Arch, by far. The only feature I miss is Use flag / ports-like functionality. The entire distro is focused on simplicity (NOT ease of use!), vanilla-ness, minimalism, and tweakability. ABS is similar to ports except, sadly, no config flags. To the person that said ABS was hard, it only takes two commands? One to build the package from the PKGBUILD (another feature, Arch packages are built simply through a bash script called a PKGBUILD, which is very easy to write), and one to add through pacman. Pacbuilder makes this even easier. There's also the AUR for user-made packages.

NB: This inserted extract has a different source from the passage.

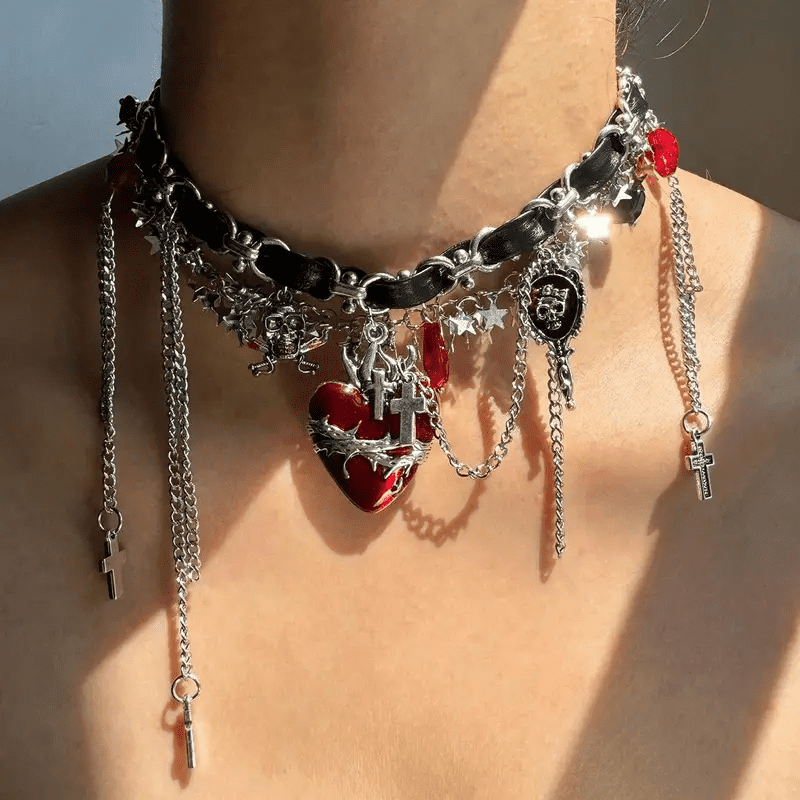 Got Emo Punk Style Choker Necklace w/ Heart, Skull, and Cross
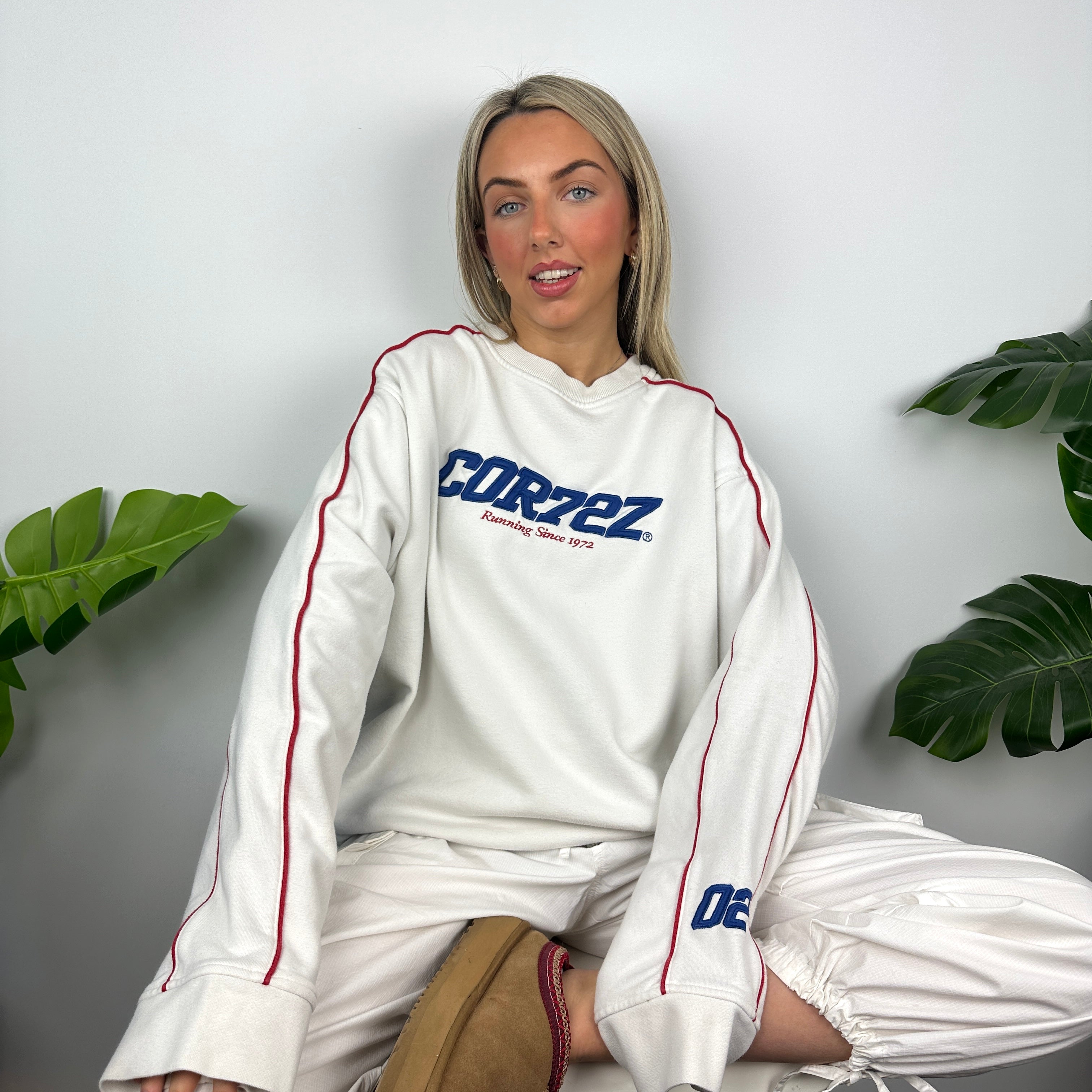 Nike Cortez White Embroidered Spell Out Sweatshirt (XL)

Right now, the only two things I can see FreeBSD has over Arch are stability and the ports configs. I've never had stability problems under Arch, I can just see from a technical perspective why FreeBSD would be more stable. The rolling release is actually more stable, for me, than most scheduled-release distros. *BSD does a very good job of having rock-solid stable releases, as does Slackware (never tried Debian), but I've had too much misery where I'll upgrade the system and three things are broken, with no clue what caused them... with rolling, I can tell what upgrade broke what, and I can downgrade or at least have a starting point towards fixing the problem. Note, this has never happened with Arch so far
If there was no Arch, I'd likely use Slackware (not as cutting edge, less dependency management means less minimalism since it's more likely that unused packages will be left on the machine, 64-bit version not supported much) or Gentoo (needs more KISS and focus).